From start to end of the material below, restate each line exactly.

──────────────────────────────

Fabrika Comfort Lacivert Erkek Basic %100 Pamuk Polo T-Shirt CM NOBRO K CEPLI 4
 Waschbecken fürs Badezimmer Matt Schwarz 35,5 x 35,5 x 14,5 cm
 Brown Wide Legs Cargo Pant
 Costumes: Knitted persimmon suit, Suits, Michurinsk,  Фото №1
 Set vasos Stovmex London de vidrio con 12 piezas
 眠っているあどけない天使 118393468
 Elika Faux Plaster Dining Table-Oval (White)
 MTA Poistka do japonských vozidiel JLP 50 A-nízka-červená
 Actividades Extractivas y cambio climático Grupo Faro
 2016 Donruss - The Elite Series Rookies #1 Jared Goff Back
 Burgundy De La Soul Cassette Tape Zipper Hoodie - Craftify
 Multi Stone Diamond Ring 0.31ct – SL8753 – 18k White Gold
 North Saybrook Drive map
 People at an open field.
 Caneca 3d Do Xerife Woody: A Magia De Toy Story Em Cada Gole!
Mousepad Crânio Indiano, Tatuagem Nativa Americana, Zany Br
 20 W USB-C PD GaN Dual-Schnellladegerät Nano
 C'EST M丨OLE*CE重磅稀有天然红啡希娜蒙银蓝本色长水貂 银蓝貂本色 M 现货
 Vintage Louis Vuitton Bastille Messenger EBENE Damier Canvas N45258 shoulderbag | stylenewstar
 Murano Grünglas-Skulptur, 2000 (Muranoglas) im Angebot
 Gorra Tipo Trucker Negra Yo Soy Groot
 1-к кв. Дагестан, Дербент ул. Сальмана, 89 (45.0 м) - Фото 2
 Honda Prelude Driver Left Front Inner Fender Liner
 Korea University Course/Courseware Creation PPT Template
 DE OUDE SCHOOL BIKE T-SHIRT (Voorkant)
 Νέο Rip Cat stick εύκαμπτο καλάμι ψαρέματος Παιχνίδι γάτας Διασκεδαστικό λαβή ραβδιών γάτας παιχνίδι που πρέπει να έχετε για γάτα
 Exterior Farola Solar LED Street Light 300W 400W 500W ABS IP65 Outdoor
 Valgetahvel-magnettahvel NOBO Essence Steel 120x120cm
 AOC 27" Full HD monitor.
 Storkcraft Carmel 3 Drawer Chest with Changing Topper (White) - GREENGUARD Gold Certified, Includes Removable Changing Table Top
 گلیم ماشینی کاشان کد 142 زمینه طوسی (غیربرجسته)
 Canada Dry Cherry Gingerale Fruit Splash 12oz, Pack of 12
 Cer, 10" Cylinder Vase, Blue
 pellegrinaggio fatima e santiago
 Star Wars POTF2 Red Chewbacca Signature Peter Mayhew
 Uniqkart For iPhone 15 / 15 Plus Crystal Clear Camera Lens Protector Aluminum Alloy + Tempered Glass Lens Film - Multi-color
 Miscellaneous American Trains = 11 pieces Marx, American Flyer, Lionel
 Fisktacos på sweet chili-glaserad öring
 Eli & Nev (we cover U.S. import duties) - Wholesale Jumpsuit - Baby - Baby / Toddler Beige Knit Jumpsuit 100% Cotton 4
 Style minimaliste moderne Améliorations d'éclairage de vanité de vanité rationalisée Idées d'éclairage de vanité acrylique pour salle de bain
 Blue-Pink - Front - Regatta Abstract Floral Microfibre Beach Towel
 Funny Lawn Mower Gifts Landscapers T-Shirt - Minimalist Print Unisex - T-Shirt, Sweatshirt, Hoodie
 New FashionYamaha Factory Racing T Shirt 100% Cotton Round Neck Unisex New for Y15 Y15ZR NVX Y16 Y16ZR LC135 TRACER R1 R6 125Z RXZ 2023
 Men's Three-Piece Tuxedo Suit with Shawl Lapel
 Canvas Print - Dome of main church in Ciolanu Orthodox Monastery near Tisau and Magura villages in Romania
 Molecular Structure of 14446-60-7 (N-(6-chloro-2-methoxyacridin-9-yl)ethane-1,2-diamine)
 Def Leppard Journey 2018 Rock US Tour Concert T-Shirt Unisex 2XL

──────────────────────────────

### EXERCISE RESPONSE
Fabrika Comfort Lacivert Erkek Basic %100 Pamuk Polo T-Shirt CM NOBRO K CEPLI 4
 Waschbecken fürs Badezimmer Matt Schwarz 35,5 x 35,5 x 14,5 cm
 Brown Wide Legs Cargo Pant
 Costumes: Knitted persimmon suit, Suits, Michurinsk,  Фото №1
 Set vasos Stovmex London de vidrio con 12 piezas
 眠っているあどけない天使 118393468
 Elika Faux Plaster Dining Table-Oval (White)
 MTA Poistka do japonských vozidiel JLP 50 A-nízka-červená
 Actividades Extractivas y cambio climático Grupo Faro
 2016 Donruss - The Elite Series Rookies #1 Jared Goff Back
 Burgundy De La Soul Cassette Tape Zipper Hoodie - Craftify
 Multi Stone Diamond Ring 0.31ct – SL8753 – 18k White Gold
 North Saybrook Drive map
 People at an open field.
 Caneca 3d Do Xerife Woody: A Magia De Toy Story Em Cada Gole!
Mousepad Crânio Indiano, Tatuagem Nativa Americana, Zany Br
 20 W USB-C PD GaN Dual-Schnellladegerät Nano
 C'EST M丨OLE*CE重磅稀有天然红啡希娜蒙银蓝本色长水貂 银蓝貂本色 M 现货
 Vintage Louis Vuitton Bastille Messenger EBENE Damier Canvas N45258 shoulderbag | stylenewstar
 Murano Grünglas-Skulptur, 2000 (Muranoglas) im Angebot
 Gorra Tipo Trucker Negra Yo Soy Groot
 1-к кв. Дагестан, Дербент ул. Сальмана, 89 (45.0 м) - Фото 2
 Honda Prelude Driver Left Front Inner Fender Liner
 Korea University Course/Courseware Creation PPT Template
 DE OUDE SCHOOL BIKE T-SHIRT (Voorkant)
 Νέο Rip Cat stick εύκαμπτο καλάμι ψαρέματος Παιχνίδι γάτας Διασκεδαστικό λαβή ραβδιών γάτας παιχνίδι που πρέπει να έχετε για γάτα
 Exterior Farola Solar LED Street Light 300W 400W 500W ABS IP65 Outdoor
 Valgetahvel-magnettahvel NOBO Essence Steel 120x120cm
 AOC 27" Full HD monitor.
 Storkcraft Carmel 3 Drawer Chest with Changing Topper (White) - GREENGUARD Gold Certified, Includes Removable Changing Table Top
 گلیم ماشینی کاشان کد 142 زمینه طوسی (غیربرجسته)
 Canada Dry Cherry Gingerale Fruit Splash 12oz, Pack of 12
 Cer, 10" Cylinder Vase, Blue
 pellegrinaggio fatima e santiago
 Star Wars POTF2 Red Chewbacca Signature Peter Mayhew
 Uniqkart For iPhone 15 / 15 Plus Crystal Clear Camera Lens Protector Aluminum Alloy + Tempered Glass Lens Film - Multi-color
 Miscellaneous American Trains = 11 pieces Marx, American Flyer, Lionel
 Fisktacos på sweet chili-glaserad öring
 Eli & Nev (we cover U.S. import duties) - Wholesale Jumpsuit - Baby - Baby / Toddler Beige Knit Jumpsuit 100% Cotton 4
 Style minimaliste moderne Améliorations d'éclairage de vanité de vanité rationalisée Idées d'éclairage de vanité acrylique pour salle de bain
 Blue-Pink - Front - Regatta Abstract Floral Microfibre Beach Towel
 Funny Lawn Mower Gifts Landscapers T-Shirt - Minimalist Print Unisex - T-Shirt, Sweatshirt, Hoodie
 New FashionYamaha Factory Racing T Shirt 100% Cotton Round Neck Unisex New for Y15 Y15ZR NVX Y16 Y16ZR LC135 TRACER R1 R6 125Z RXZ 2023
 Men's Three-Piece Tuxedo Suit with Shawl Lapel
 Canvas Print - Dome of main church in Ciolanu Orthodox Monastery near Tisau and Magura villages in Romania
 Molecular Structure of 14446-60-7 (N-(6-chloro-2-methoxyacridin-9-yl)ethane-1,2-diamine)
 Def Leppard Journey 2018 Rock US Tour Concert T-Shirt Unisex 2XL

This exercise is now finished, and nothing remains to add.